4.1. Other MDCM Techniques Used in Our Evaluations

This section explains the details of VIKOR, SAW and COPRAS methods used for comparison. These algorithms are among the most well-known/widely used methods applied in different fields in the literature.

4.1.1. SAW Method

Simple Additive Weighting (SAW) [35] is one of the most widely used methods to solve multi-attribute decision problems. The usefulness of the SAW method’s basic concept is finding the number of weighted performance ratings for each alternative on all attributes [36]. The highest score will be the best alternative. SAW requires a process of normalizing the decision matrix ($D_{m\times 7}$) according to the following formula. Equation (14) is used if j is an attribute of benefit, and Equation (15) is used if attribute j is cost.

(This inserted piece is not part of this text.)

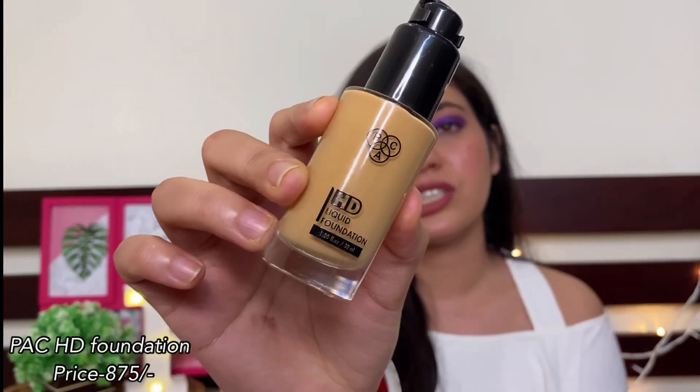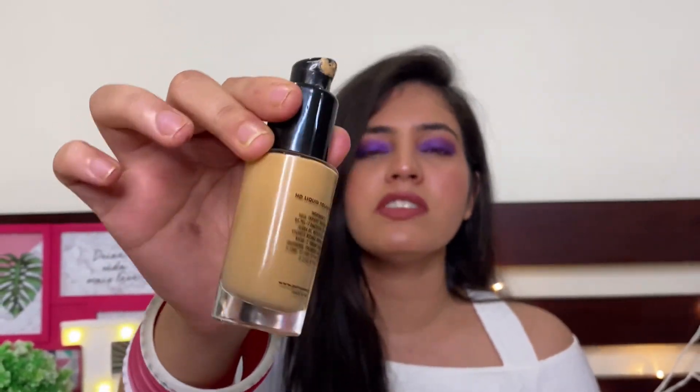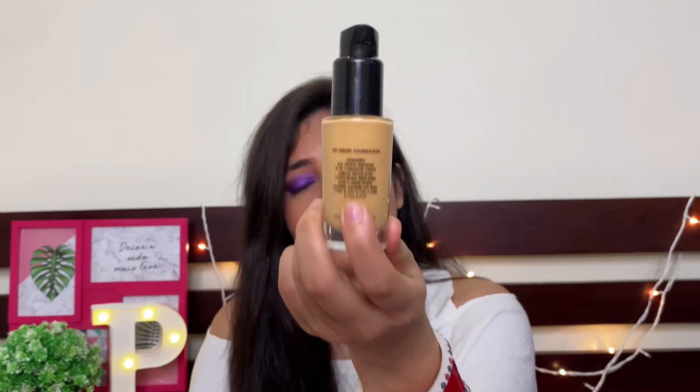The third foundation is the PAK HD Definition foundation in liquid form, which retails for $8.75. This foundation gives you super high coverage with a medium consistency and comes in pump packaging, which is very hygienic. It contains hyaluronic acid, so it is not matte — it keeps your skin hydrated. It is very lightweight. For $8.75, an HD foundation is a great option. Right now I have used it, so you can see how good it looks.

$$r_{ij}=\frac{x_{ij}}{max{x}_{ij}} i=1,2,3,\dots ,m j=1,2,\dots ,7$$

(14)

$$r_{ij}=\frac{min{x}_{ij}}{x_{ij}} i=1,2,3,\dots ,m j=1,2,\dots ,7$$

(15)

The preference value for each alternative ($V_i$) is given as:

$$V_i={\displaystyle \sum }_{j=1}^7{w}_j{r}_{ij} i=1,2,3,\dots ,m$$

(16)

4.1.2. VIKOR Method

The VIKOR (VlseKriterijumska Optimizacija I Kompromisno Resenje) method [37], similar to the TOPSIS, is based on distance measurements. In this approach, each alternative is evaluated according to all considered criteria and the compromise ranking is performed by comparing the measure of closeness to the ideal alternative. However, VIKOR differs in operational approach and the considered method for the concept of proximity to the ideal solutions. The steps of VIKOR algorithm are as follows:

A.

The normalized decision-making matrix ($D_{m\times 7}$) is calculated similarly to the TOPSIS method.

B.

The best $f_j^{*}$ and the worth $f_j^{-}$ values for all criteria functions $j=1,2,\dots ,7$ are determined. Equation (17) is used for benefit criteria, and Equation (18) is used for cost ones as follows:

$$f_j^{*}=max{x}_{ij} . f_j^{-}=min{x}_{ij} j=1,2,\dots ,7$$

(17)

$$f_j^{*}=min{x}_{ij} . f_j^{-}=max{x}_{ij} j=1,2,\dots ,7$$

(18)

C.

The $S_i$ and $R_i$values are calculated by following Equations.

$$S_i={\displaystyle \sum }_{j=1}^7{w}_j\left(f_j^{*}-x_{ij}\right) / \left(f_j^{*}-f_j^{-}\right)$$

(19)

$$R_i=max\left[w_j\left(f_j^{*}-x_{ij}\right) / \left(f_j^{*}-f_j^{-}\right)\right]$$

(20)

where$w_j$ are the weights of criteria, expressing their relative importance.

D.

The values $Q_i;i=1,2,3,\dots ,m$are computed by the following equation.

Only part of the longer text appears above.